> [What you are asked to do] Among the records below, find the line that has "Z881XM Florida License Plate"; from there, give the lines again exactly, and stop after the line that has "TESLA T880C".

> [Available data]
====================
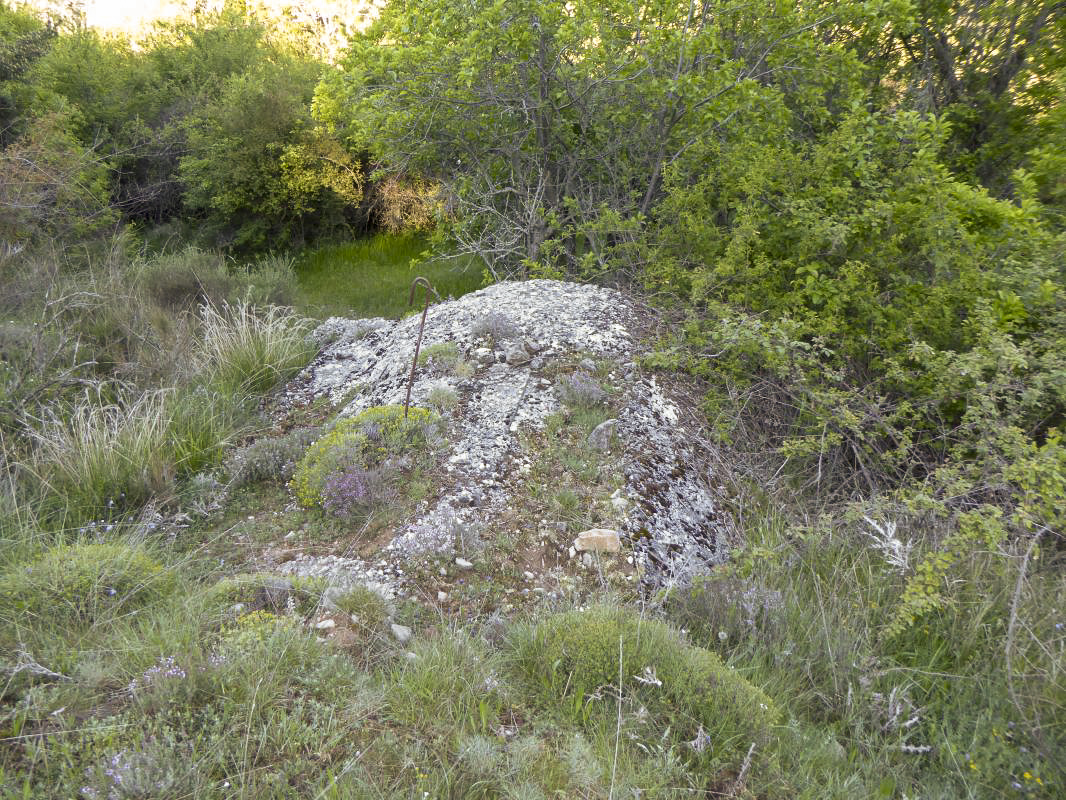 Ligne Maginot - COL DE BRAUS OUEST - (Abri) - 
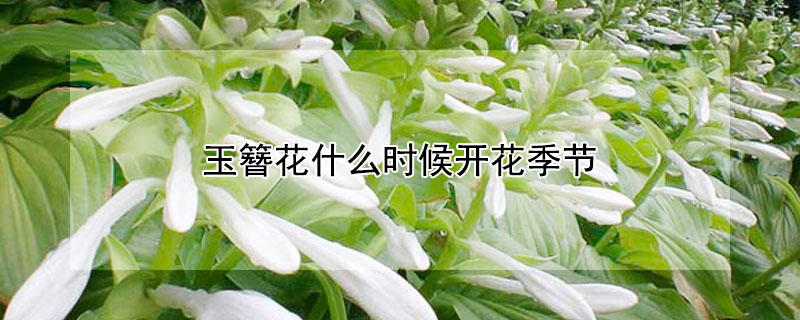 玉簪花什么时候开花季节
====================
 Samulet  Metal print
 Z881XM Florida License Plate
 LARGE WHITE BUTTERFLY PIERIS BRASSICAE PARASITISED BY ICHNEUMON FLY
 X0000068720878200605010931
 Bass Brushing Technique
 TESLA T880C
====================
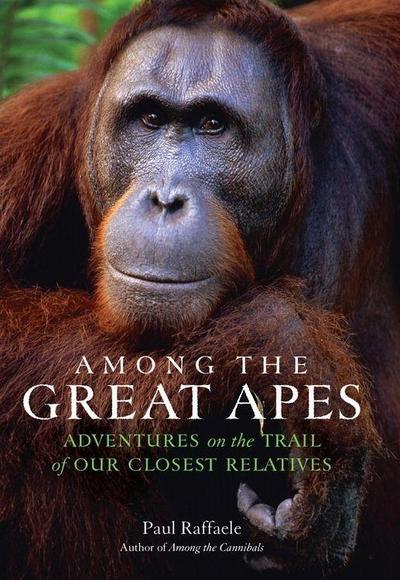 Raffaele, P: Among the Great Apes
====================
> [Written response]
 Z881XM Florida License Plate
 LARGE WHITE BUTTERFLY PIERIS BRASSICAE PARASITISED BY ICHNEUMON FLY
 X0000068720878200605010931
 Bass Brushing Technique
 TESLA T880C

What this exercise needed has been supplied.